**** STUDY MATERIAL

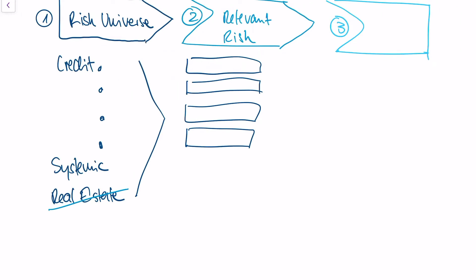In the third step, I try to understand whether those relevant risks are material. Material just means that they have a significant impact on my revenue or my asset values. It could be that I have a risk which is relevant to me.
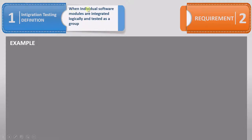When individual software modules are integrated logically and tested as a group. What this means is we have individual components — first we group them, then we perform testing on them.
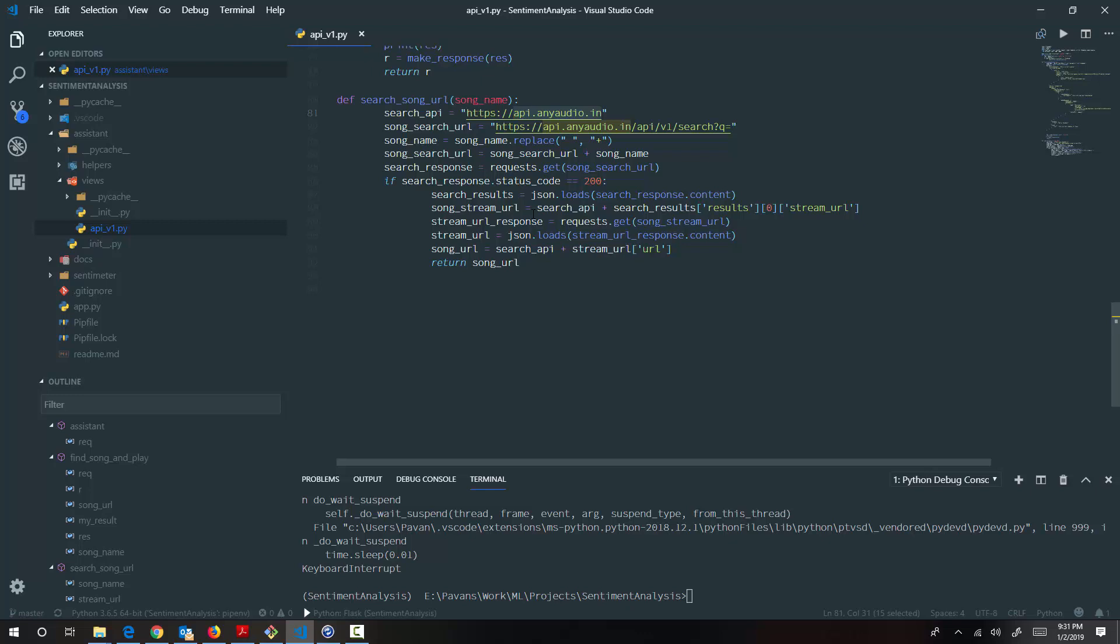But having said that, all it does is searches the keyword. Based on the song keyword that you enter, it finds the video, and it extracts the audio from that particular video, and generates the URL that you need. So I'm calling that particular API to get the MP3 link.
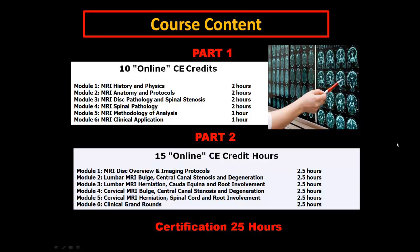This program is a total of 25 hours in two parts. We go through in the first part: history, physics, anatomy, protocols, disc pathology, spinal stenosis, spinal pathology — we go extradural, intradural pathology, osseous pathology, methodology of analysis and clinical application. They're all broken up into one and two hour bites, so you don't have to sit for 10 hours.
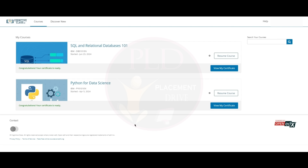It took two to three weeks for us to generate the certificate. Please wait patiently and claim the certificate after two to three weeks. You can see we started the course on the 23rd of June and received the certificate on the 4th of July. If you found this video helpful, hit the like button, subscribe, and share it with your friends.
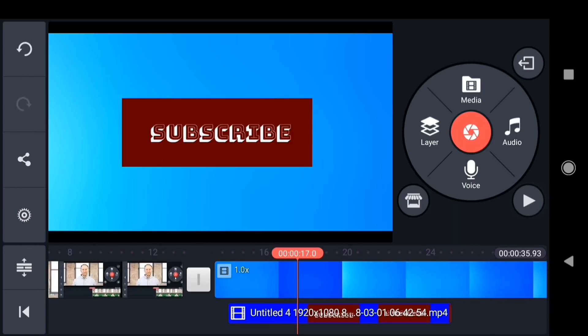Be creative and find your own ways to use chroma key in your video projects. Thanks for watching.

********

## TASK BRIEF
Using the data above, transcribe exactly the lines between those containing "When individual software" and "This program is", inclusive, and leave every picture behind.

## REPLY TO THE TASK
When individual software modules are integrated logically and tested as a group. What this means is we have individual components — first we group them, then we perform testing on them.
But having said that, all it does is searches the keyword. Based on the song keyword that you enter, it finds the video, and it extracts the audio from that particular video, and generates the URL that you need. So I'm calling that particular API to get the MP3 link.
This program is a total of 25 hours in two parts. We go through in the first part: history, physics, anatomy, protocols, disc pathology, spinal stenosis, spinal pathology — we go extradural, intradural pathology, osseous pathology, methodology of analysis and clinical application. They're all broken up into one and two hour bites, so you don't have to sit for 10 hours.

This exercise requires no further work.